You are viewing a plain text version of this content. The canonical link for it is here.
Posted to general@gump.apache.org by Leo Simons <ma...@leosimons.com> on 2005/04/16 20:09:05 UTC

RDF (was: [RT] module, project, target = repository, module, project...)

On 16-04-2005 18:30, "Stefano Mazzocchi" <st...@apache.org> wrote:
> The more I think about it, the more I think that having our data in RDF
> would be a tremendous win, also in terms of programming.

Show me!



---------------------------------------------------------------------
To unsubscribe, e-mail: general-unsubscribe@gump.apache.org
For additional commands, e-mail: general-help@gump.apache.org


Re: RDF

Posted by Stefano Mazzocchi <st...@apache.org>.
Leo Simons wrote:
> On 17-04-2005 00:53, "Stefano Mazzocchi" <st...@apache.org> wrote:
> 
>>Example, if you have the Module object and the Project object, you have
>>to decide which way the link goes and the notion of "Module.projects"
>>means, this is the list of projects this module contains.
>>
>>Problem is that this implicit modeling forces you to say decide the
>>direction of the link, and, in case you want both, you have to model
>>this explicitly and at update, you need to know where to change.
>>
>>In RDF, you don't have to do all that.
> 
> 
> Exactly! If you want a bi-directional link you have to model it explicitly
> and it is always very evident when using it, ie
> 
>   project.module.repository.workspace.name
> 
> Just yells "You're handling a project and accessing something related to the
> workspace. Why is that????" right at ya.

Yep.

> One thing that got Gump2 into problem was that things were relatively
> tightly coupled to another. Having "manual" modelling means that its easy to
> spot that coupling (just delete all links from repository->workspace, run
> your project-related code, boom, it blows up).
> 
> As with databases, I (model designer) have to work real hard so the plugin
> programmer has an easier time. Interestingly...
> 
>>I find it somewhat ironic that you now code in a dynamically typed
>>language (and, AFAIK, with good feelings about it) and you advocate that
>>static typing of your data (object or SQL doesn't really matter) is
>>better for you.
> 
> 
> I hadn't realised that this clearly just yet. I've been conciously making a
> lot of things statically typed to keep it understandable. Now...
> 
> <snip/>
> 
>>  failed_builds = model.get("?x is_a Build where ?x status 'failed'")
> 
> 
> Is indeed quite understandable. At least I had no problem understanding that
> when I first saw it.

Glad to hear that. I find it quite understandable myself, but only when 
you remove all the complexity that is introduced by the fact that all 
those things need to be globally unique URIs. Luckily some APIs came to 
the rescue.

>>Sure, the argument that objects are better than dealing with JDBC
>>resultsets by hand stands, but making this a general rule could be turn
>>out to be a mistake.
> 
> Do you know of an open-source reasonably sized RDF-model-based application
> that follows the approach you're describing? I'd like to see how it turns
> out! I was looking at Haystack the other day but uhm, it suffers from all of
> those "research project" flaws.

eheh, well, we are building one as we speak, but can't tell you more :-)

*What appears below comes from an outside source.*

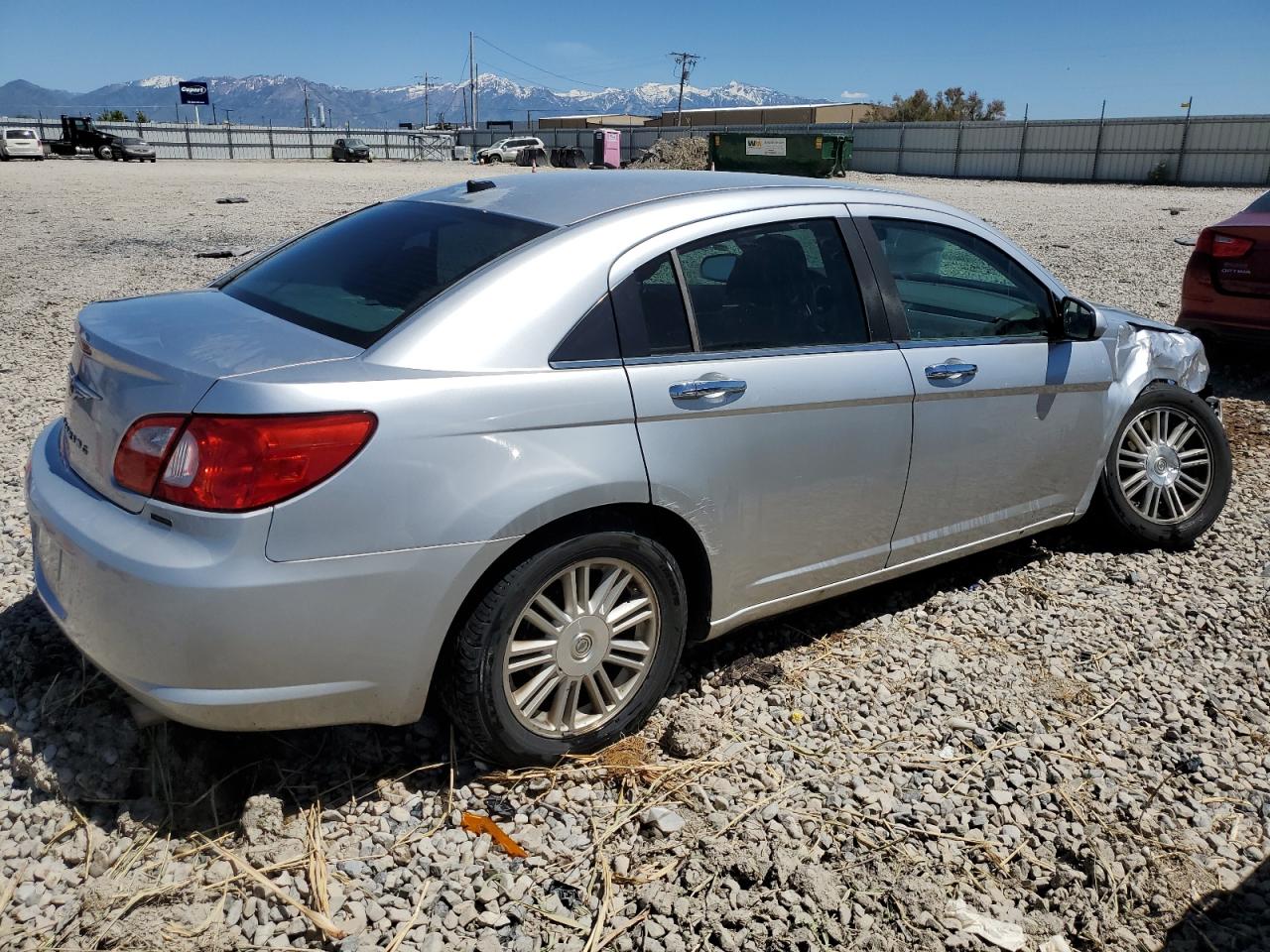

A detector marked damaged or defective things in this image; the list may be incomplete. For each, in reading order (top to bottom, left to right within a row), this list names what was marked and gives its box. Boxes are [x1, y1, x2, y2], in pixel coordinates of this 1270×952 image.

damaged silver car [24, 174, 1223, 767]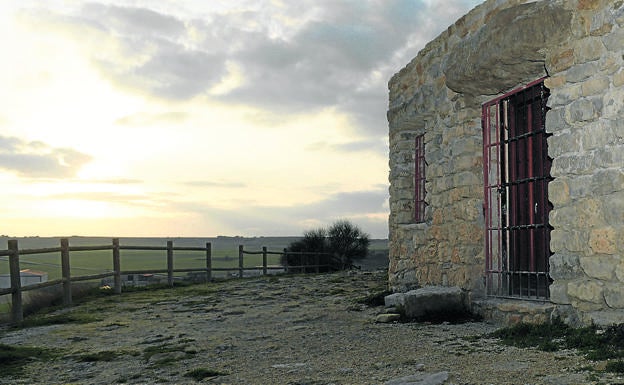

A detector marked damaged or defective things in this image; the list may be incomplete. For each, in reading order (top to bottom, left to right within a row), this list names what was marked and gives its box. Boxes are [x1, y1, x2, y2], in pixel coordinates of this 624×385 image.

Let me just say that we have been dealing with as many as 30 million 
statements and as long as your queries are reasonable (say you don't 
iterate over all of the nodes!), the performance is reasonable as well.

Haystack tried to do too much (they are modelling their entire system, 
including the UI, with RDF statements... which means that its pretty 
much painful to do anything).

> Same comment again....
> 
>>I find it somewhat ironic that you now code in a dynamically typed
>>language (and, AFAIK, with good feelings about it) and you advocate that
>>static typing of your data (object or SQL doesn't really matter) is
>>better for you.
> 
> 
> You know, I still have mixed feelings about a lot of that. I have read so
> much python code recently that is hard to understand because its really
> dynamic, often for no good reason. And I've also see a lot of python code
> look really bad because developers want to add security in there that can't
> truly be enforced (ie Zope). And a whole lot of python code that is horribly
> structured simply because you can do a lot of "glueing" so easily.
> 
> On a code level scale, working with python can be real fun once you get the
> hang of it, but every time I write something like
> 
>   for command in [command for command in commands \
>       if isinstance(command,Script)]:
>     handle_script(command)
> 
> (which is kinda "pythonic")
> I do wonder whether
> 
>   it = commands.iterator();
>   while(it.hasNext()) {
>     command = it.next();
>     if(command instanceof Script)
>       handleScript(command);
>   }
> 
> Doesn't make more sense if there's other developers that have to understand
> the code.

True enough.

All I can tell is that semi-structures deal with the entropy of things a 
lot better than forcing structure on top of them: "refactoring" data in 
a triple store could be as easy as writing a few other owl:sameAs 
statements between node types and running an inferencing engine on it 
(maybe for a few hours or a day... *while* the system is still running).

-- 
Stefano.


---------------------------------------------------------------------
To unsubscribe, e-mail: general-unsubscribe@gump.apache.org
For additional commands, e-mail: general-help@gump.apache.org


Re: RDF

Posted by Leo Simons <ma...@leosimons.com>.
On 17-04-2005 00:53, "Stefano Mazzocchi" <st...@apache.org> wrote:
> Example, if you have the Module object and the Project object, you have
> to decide which way the link goes and the notion of "Module.projects"
> means, this is the list of projects this module contains.
> 
> Problem is that this implicit modeling forces you to say decide the
> direction of the link, and, in case you want both, you have to model
> this explicitly and at update, you need to know where to change.
> 
> In RDF, you don't have to do all that.

Exactly! If you want a bi-directional link you have to model it explicitly
and it is always very evident when using it, ie

  project.module.repository.workspace.name

Just yells "You're handling a project and accessing something related to the
workspace. Why is that????" right at ya.

One thing that got Gump2 into problem was that things were relatively
tightly coupled to another. Having "manual" modelling means that its easy to
spot that coupling (just delete all links from repository->workspace, run
your project-related code, boom, it blows up).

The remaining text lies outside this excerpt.